I am releasing two new calculators with K=12 and K=7 components, named 'K12b' and 'K7b'. You can scroll down to the bottom if you are just interested in the downloads, or read on.
New Features
The new 'K12b' calculator is an update of the previous K12a one, that was inferred using all the new samples submitted during the last submission opportunity. The 12 components are still roughly the same, although their allele frequencies may have changed by a bit, so existing participants can expect to have slightly altered results, and new participants in the Project more so, since their data are now contributing to the creation of the new tool. Non-participants can, of course, use the new calculator with DIYDodecad.
I have also taken the opportunity to do some minor tweaks. I am releasing population portraits for K12b (which were lacking in K12a); I've changed my visualization code so that the sample IDs of non-Dodecad populations can now be seen in the barplots.
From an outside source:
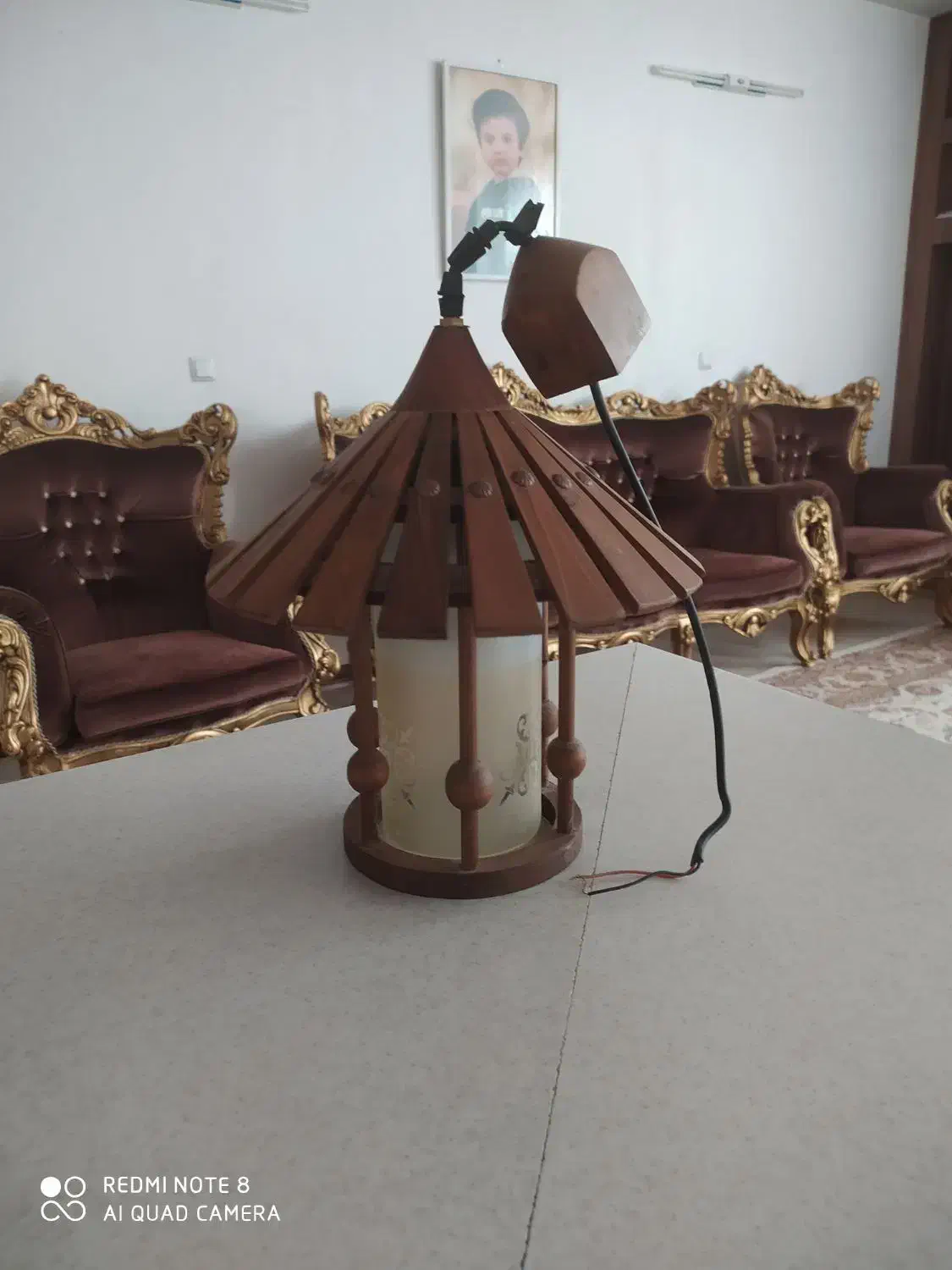 لوستر چوبی شیک|لوستر و چراغ آویز|اصفهان, آزادان|دیوار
This may be useful for anyone else using these reference populations, by quickly identifying potential outliers in them.
I have also decided to use normalized median admixture proportions for the populations. For example, if 5 individuals in a population have 0, 0, 0.2, 0.5, 10.0% of a particular component, then the average is 2.14%, but the median is 0.2%. By using the median, the proportions become less susceptible to the presence of outliers (such as the 10%). However, if the median is calculated over every component separately, it is no longer guaranteed that the components will add up to 100%; this can be addressed by re-normalizing them (scaling them by a constant factor) so that they do. I believe that use of the normalized median will not only give better proportions that are less susceptible to outliers, but will also improve results of the new Dodecad Oracle for K12b.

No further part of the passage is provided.